*** Data shown ***

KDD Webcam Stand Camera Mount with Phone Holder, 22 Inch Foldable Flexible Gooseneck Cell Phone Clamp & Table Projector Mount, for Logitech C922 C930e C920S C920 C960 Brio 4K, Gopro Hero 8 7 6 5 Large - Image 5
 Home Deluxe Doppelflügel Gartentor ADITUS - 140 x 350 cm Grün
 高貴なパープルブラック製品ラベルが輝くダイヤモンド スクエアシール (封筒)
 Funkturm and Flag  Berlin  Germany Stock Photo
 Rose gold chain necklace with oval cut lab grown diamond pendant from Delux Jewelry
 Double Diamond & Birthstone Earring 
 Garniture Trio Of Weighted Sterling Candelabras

*** End of Data shown ***

- _Work order_
Copy, without any change, the run of lines from the one with "Double Diamond & Birthstone Earring" through the end of the entries above.

- _Solution for this exercise_
 Double Diamond & Birthstone Earring 
 Garniture Trio Of Weighted Sterling Candelabras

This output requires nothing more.